**DATA SHOWN:**
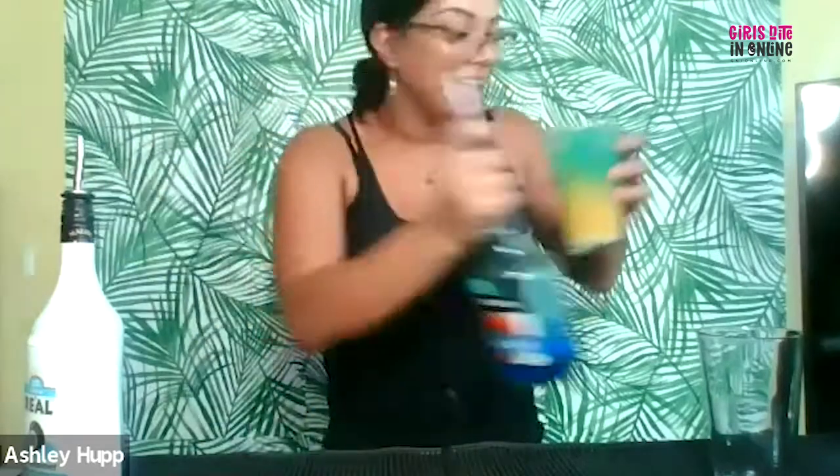Next, we're going to do a half ounce of blue curacao. You guys can already see the coloring — it looks really pretty, it's already starting to layer. This by itself would be a gorgeous cocktail, but I want to shake it on up.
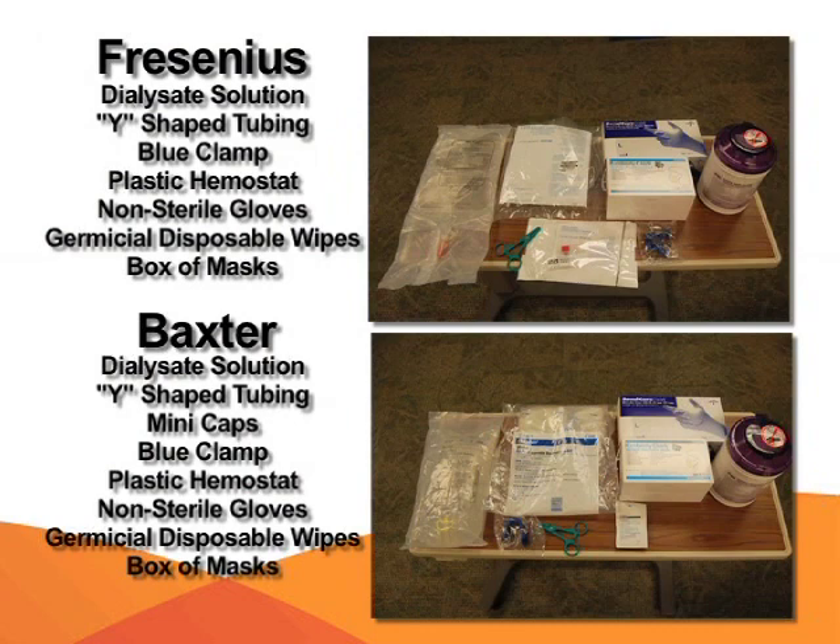Collect the supplies needed: dialysate solution, Y-shaped tubing, mini caps, glue clamp, plastic hemostat, non-sterile gloves, germicidal disposable wipes, and a box of masks.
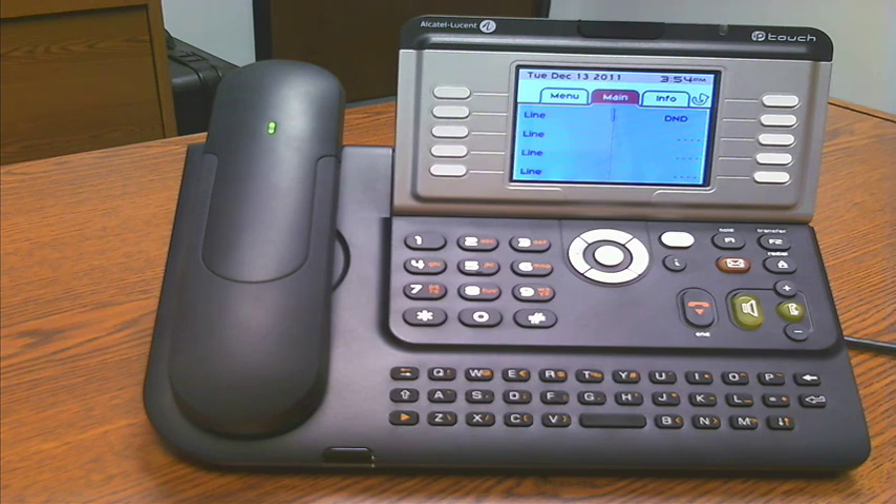So that gives you a quick high-level view of the features and functions and what we think are the real distinct advantages of the 8 Series IP phones. We'll take a look at some of the other phones in future videos, but this will give you just a first brush at what we think is a very sophisticated and versatile phone.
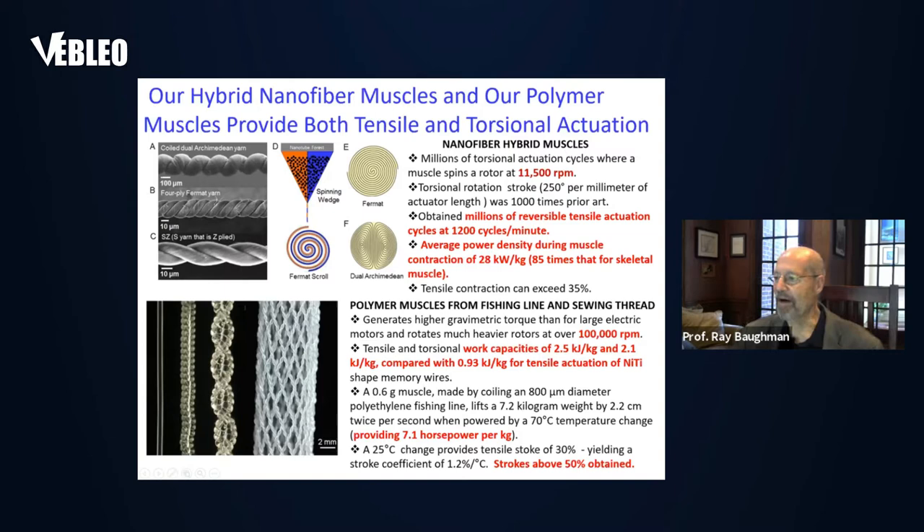Another type of artificial muscle that we've invented are polymer muscles made from fishing line and sewing thread. These muscles are especially inexpensive to make — all you have to do is insert twists into high-strength polymer fibers that are typically sold as fishing line or sewing thread. Both of these types of artificial muscles provide remarkable performance, typically about 100% higher performance than natural skeletal muscle, and they operate for a very long cycle life.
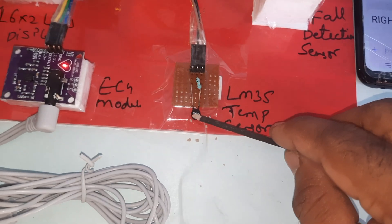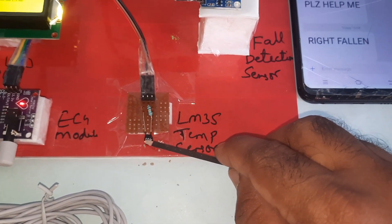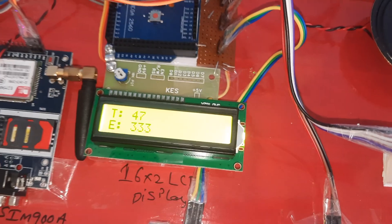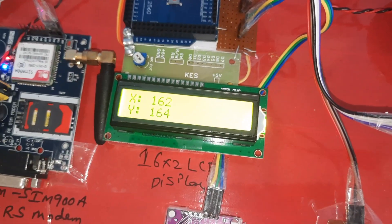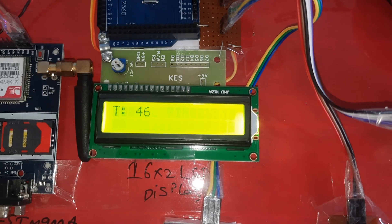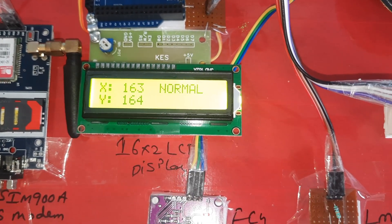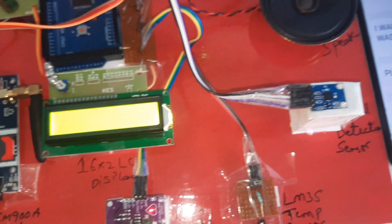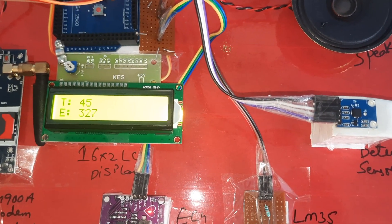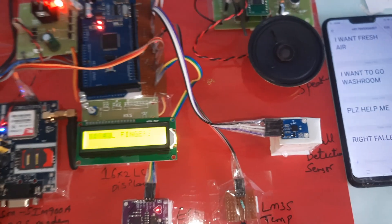Cutoff value is 40°C. Reading 47°C — every two checks it will verify the value. Temperature at 46°C normal finger. It will send the data to the server. Thank you — this is the block diagram of the project and the hardware kit.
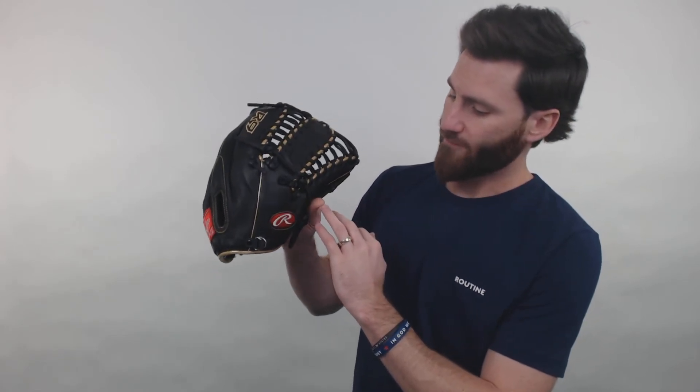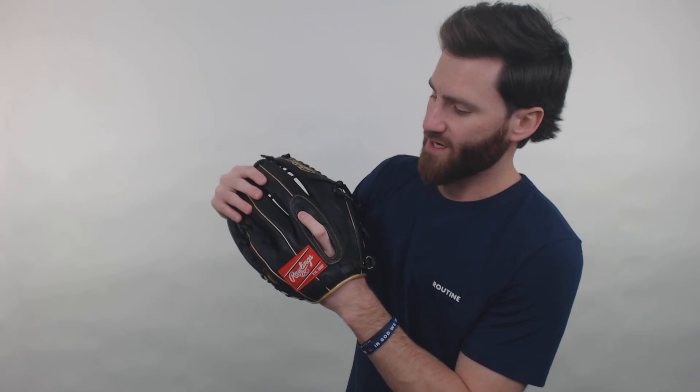And with this glove, it's going to have the finger shift design. So it's going to be designed for your ring finger and your pinky finger to fit into the farthest section of the glove. And they're also going to adjust the fastback design for your index finger to go out right here. So if you like that finger shift design, this is going to be an excellent glove for you to consider.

**TASK:** The required output is the exact lines from the opening line of the entries through the line with "Collect the supplies", inclusive, without pictures.

**OUTPUT OF THE EXERCISE:**
Next, we're going to do a half ounce of blue curacao. You guys can already see the coloring — it looks really pretty, it's already starting to layer. This by itself would be a gorgeous cocktail, but I want to shake it on up.
Collect the supplies needed: dialysate solution, Y-shaped tubing, mini caps, glue clamp, plastic hemostat, non-sterile gloves, germicidal disposable wipes, and a box of masks.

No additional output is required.